Certification track: Professional Cloud Architect (PCA) · Professional Cloud Network Engineer (PCNE)

Multi-Cluster Bank of Anthos on GKE

This module deploys Bank of Anthos — Google's open-source microservices banking demo — across multiple GKE clusters in multiple regions, wired together as a single application platform. It is a self-contained, standalone module: it builds its own VPC, creates every GKE cluster, registers them all into a GKE Fleet, joins them into one multi-primary Cloud Service Mesh, and fronts them with a multi-cluster gateway / global external load balancer so a single public address serves the nearest healthy region.

It is intended as an educational reference for the active-active, geo-redundant architecture that regulated financial and global payment platforms use to meet high-availability and data-residency requirements. It is not a production banking system.

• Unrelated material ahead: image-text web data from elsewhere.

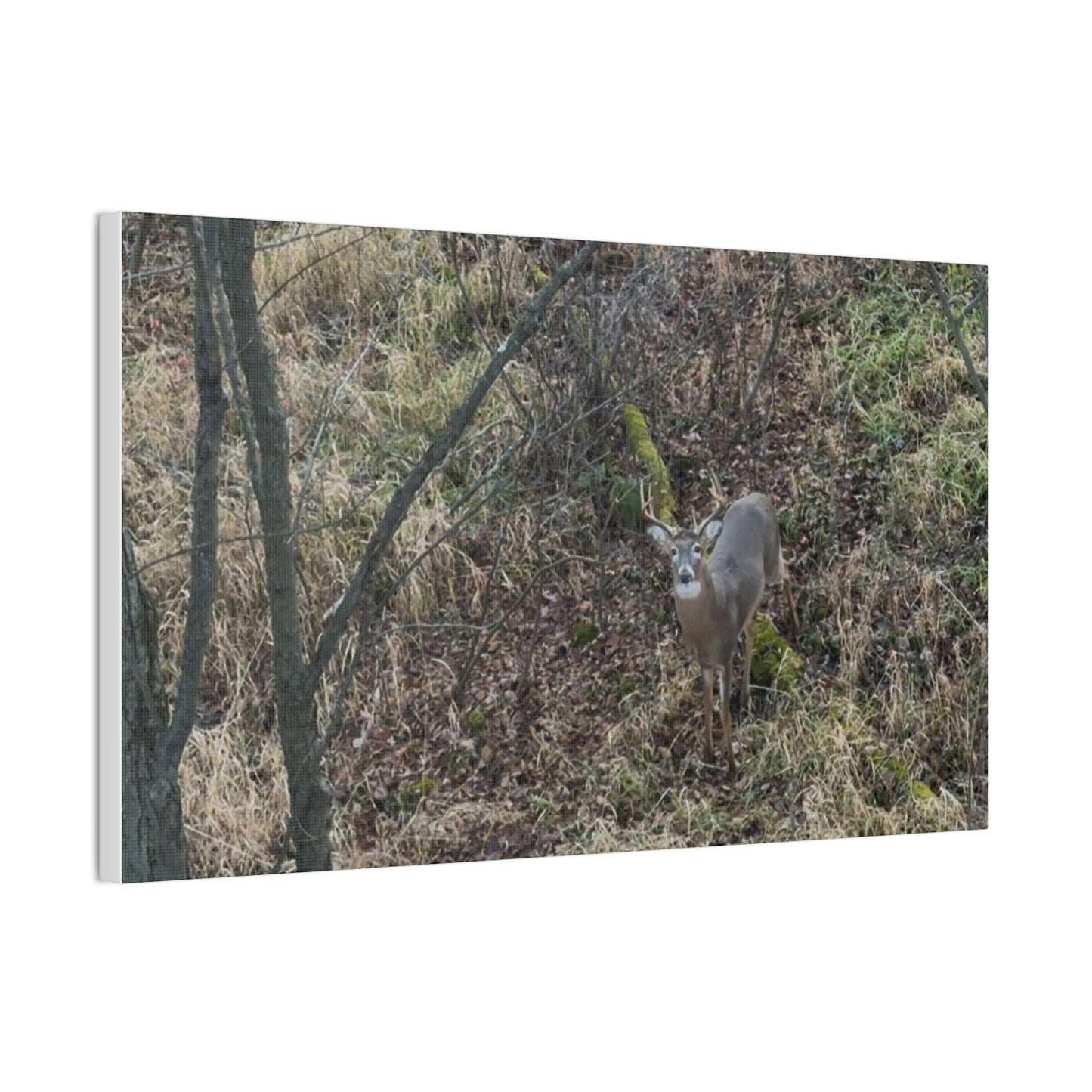 Wisconsin Adrenaline Junkies - Canvas Stretched, 0.75" - Deer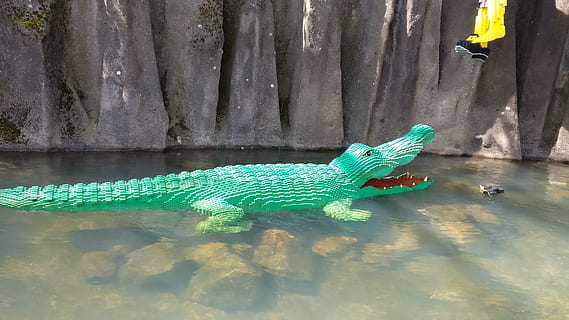 legoland, denmark, summer, water, animal, animal themes, animal wildlife HD wallpaper
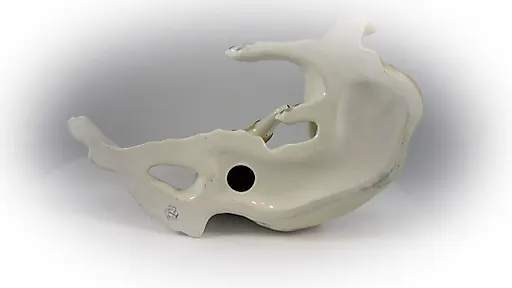 Борзая - View 3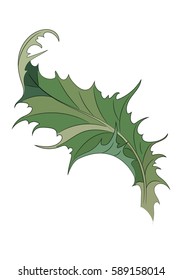 Thistle. Onopordum acanthium. Leaf Thistle isolated on white, vector illustration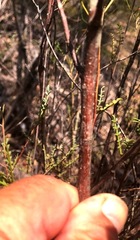 Indigofera brevidens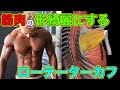 より綺麗に筋肉を付けるためのローテーターカフ種目【筋トレ】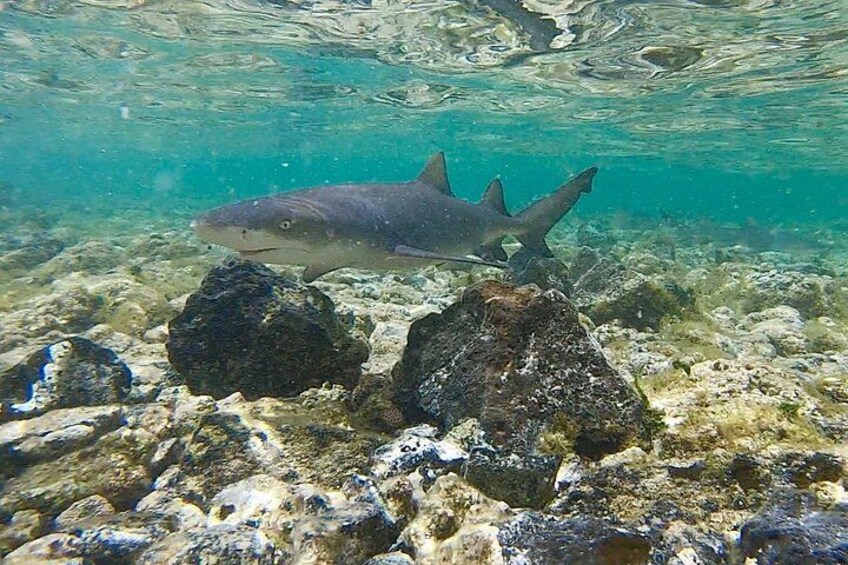 A shark swimming near rocks in clear water. 4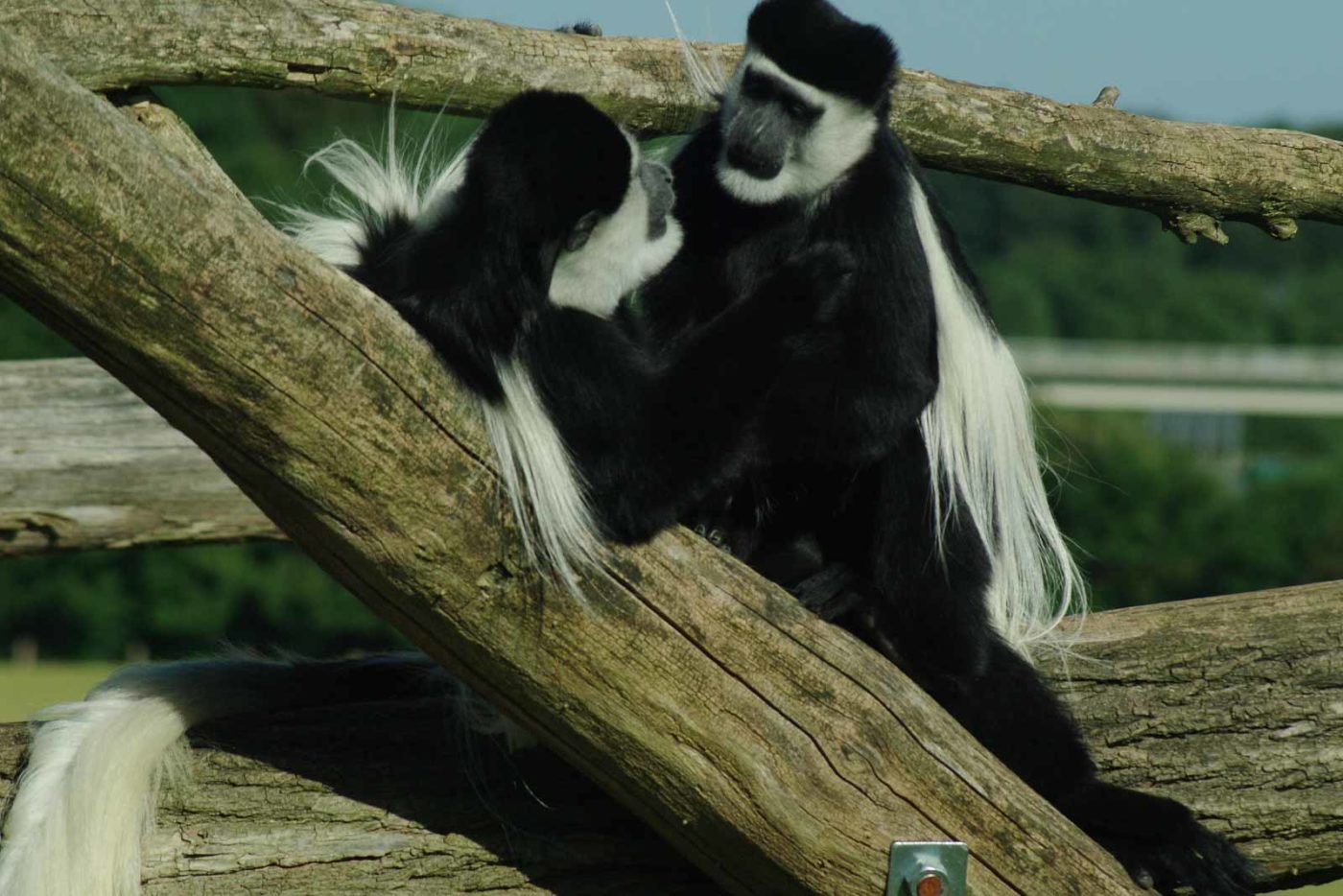 2016-08-17 - Zoo Osnabrück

This guide focuses on the Google Cloud services the module exercises and how to explore and operate them from the Cloud Console and the command line — with particular attention to working across more than one cluster at once.

1. Overview

The module stands up an entire multi-cluster platform from nothing and then deploys the banking application onto it:

Capability	Google Cloud service	Notes
Compute	GKE Autopilot (Standard optional)	One cluster per region; `cluster_size` clusters, default 2
Multi-cluster management	GKE Fleet (Hub)	Every cluster registered as a Fleet membership
Service mesh	Cloud Service Mesh (managed Istio)	Multi-primary, enabled fleet-wide in automatic-management mode
Cross-cluster discovery	Multi-Cluster Services (MCS)	Fleet feature for cross-cluster service backends
Global ingress	Multi-Cluster Ingress + global external Application Load Balancer	One anycast IP routes to the nearest healthy cluster
TLS	Google-managed certificate	Auto-provisioned for an `sslip.io` domain derived from the global IP
Networking	Shared VPC, per-cluster subnets, Cloud Router + Cloud NAT, firewall rules	Global-routing VPC; private nodes with NAT egress
Observability	Cloud Logging, Cloud Monitoring, Managed Service for Prometheus, Cloud Trace	Aggregated across the whole fleet
Application	Bank of Anthos (v0.6.7)	9 microservices (Python + Java) plus two in-cluster PostgreSQL databases

Things to know up front:

This is genuinely multi-cluster. cluster_size (default 2) clusters are created and each is placed in a region from available_regions in round-robin order. With the defaults you get two clusters: gke-cluster-1 in us-west1 and gke-cluster-2 in us-east1. Adding more regions or raising cluster_size spreads further (e.g. 2 regions + 4 clusters cycles us-west1, us-east1, us-west1, us-east1).
Cluster names are 1-indexed — gke-cluster-1, gke-cluster-2, …, gke-cluster-N. cluster1 is always the primary / config cluster in available_regions[0].
The databases live on the primary cluster only. The accounts-db and ledger-db PostgreSQL StatefulSets are deployed only on gke-cluster-1. Non-primary clusters run the stateless services plus the database Services and ConfigMaps, but not the database pods — they are designed to reach the primary cluster's databases through the fleet. Losing the primary cluster takes the data tier offline.
One global IP, one domain. A single global address is reserved and the app is published at https://boa.<GLOBAL_IP>.sslip.io, with TLS issued automatically. sslip.io resolves any <ip>.sslip.io name to that IP, so no DNS zone is required.
The mesh is multi-primary. Cloud Service Mesh is enabled at the fleet level with automatic management; every cluster runs a managed control plane and shares one trust domain (<project>.svc.id.goog), so sidecars in any cluster mutually authenticate.
No Cloud SQL, Memorystore, or Secret Manager are used by the app. Bank of Anthos runs its own in-cluster PostgreSQL and a Kubernetes-Secret JWT key pair. (Some related project APIs are enabled, but the application does not depend on those managed services.)
First deploy is long. Creating multiple clusters, registering the fleet, provisioning the managed mesh, and bringing up the global load balancer with a managed certificate typically takes 40–60 minutes.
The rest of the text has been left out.